---------- DATA EXCERPTS

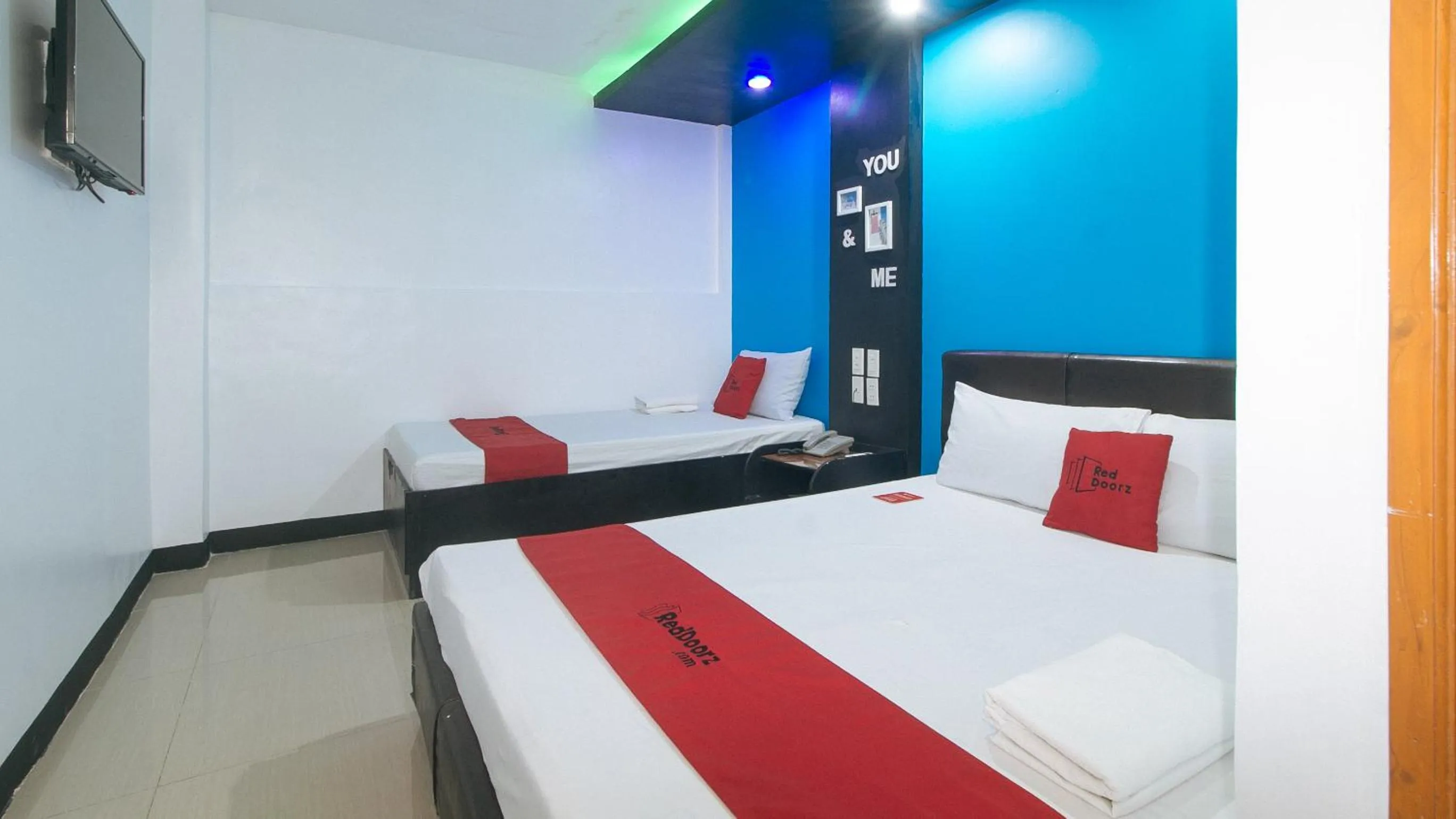 Photo of the whole room, Bed in RedDoorz at Ranchotel Bayanan Alabang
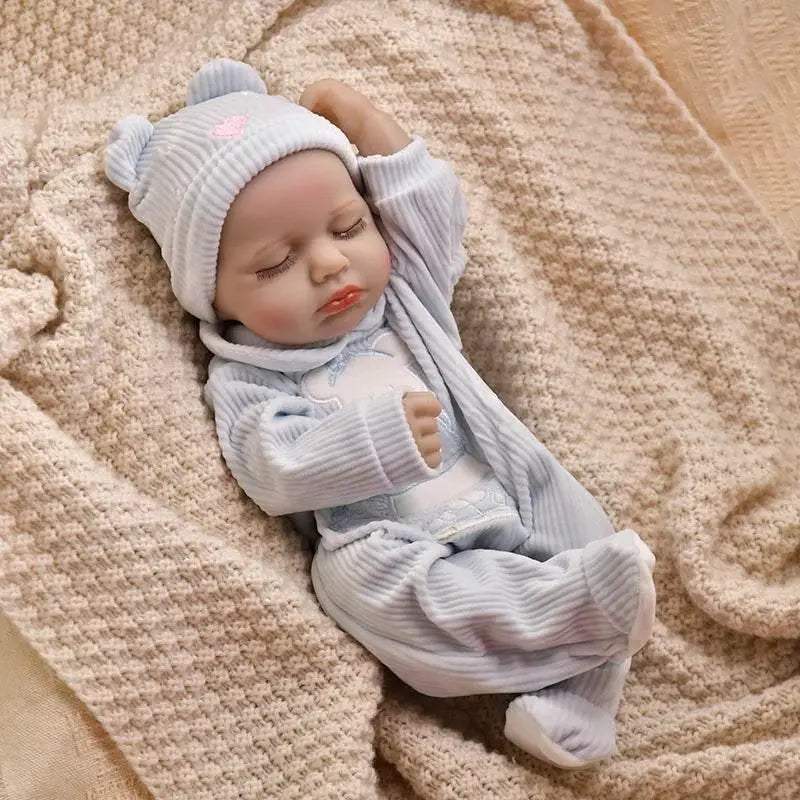  Lifelike Vinyl Reborn Baby Doll 40cm Doll Toyland EU -  ToylandEU™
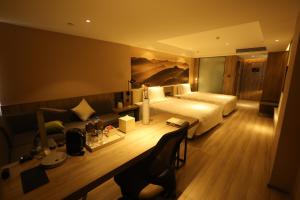 atour hotel yanan baimi avenue baota mountain
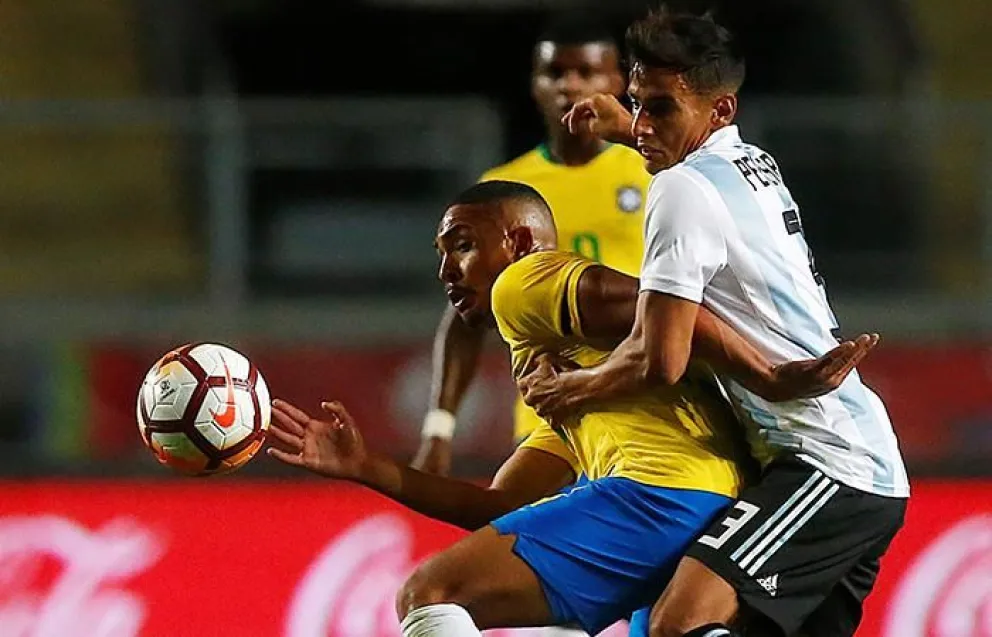 Argentina enfrenta a Brasil en el Sudamericano Sub 20: hora y TV 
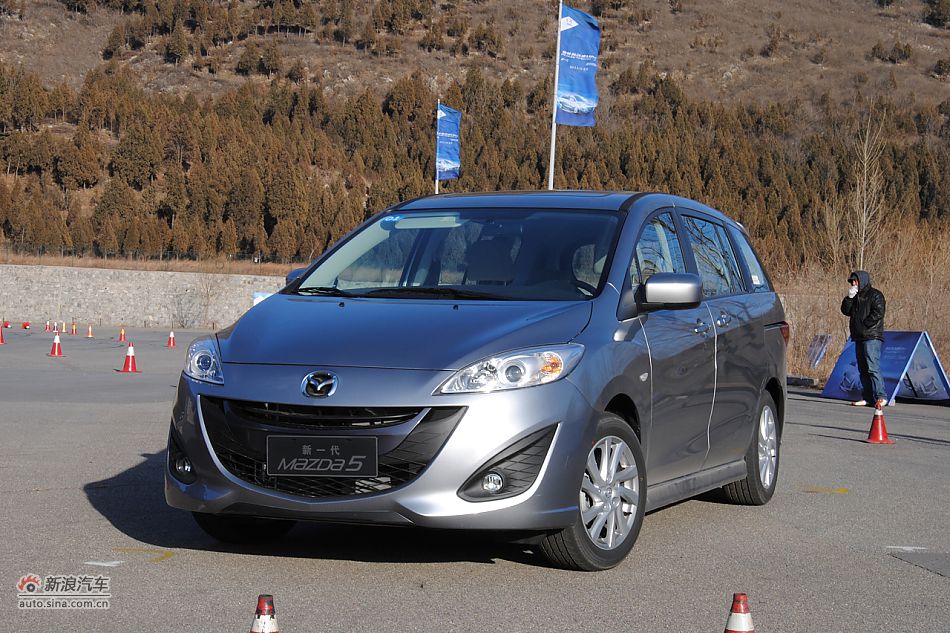 马自达5外观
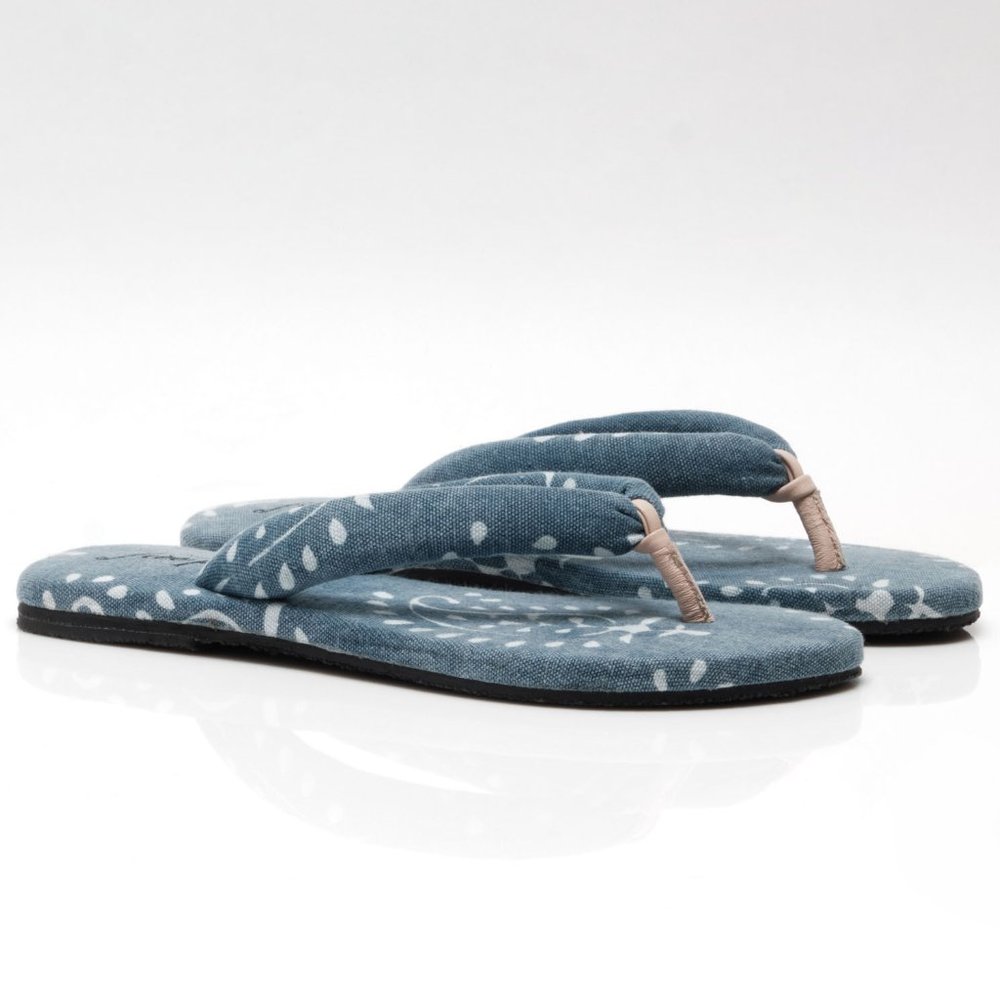 NWOT Free People Blue and White Sandals - Picture 2 of 11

--------------------

BRIEF: Nothing but the lines from the line containing "atour hotel yanan" through the last line of the listing above should appear, output exactly, with no pictures.

TASK SOLUTION:
 atour hotel yanan baimi avenue baota mountain
 Argentina enfrenta a Brasil en el Sudamericano Sub 20: hora y TV 
 马自达5外观
 NWOT Free People Blue and White Sandals - Picture 2 of 11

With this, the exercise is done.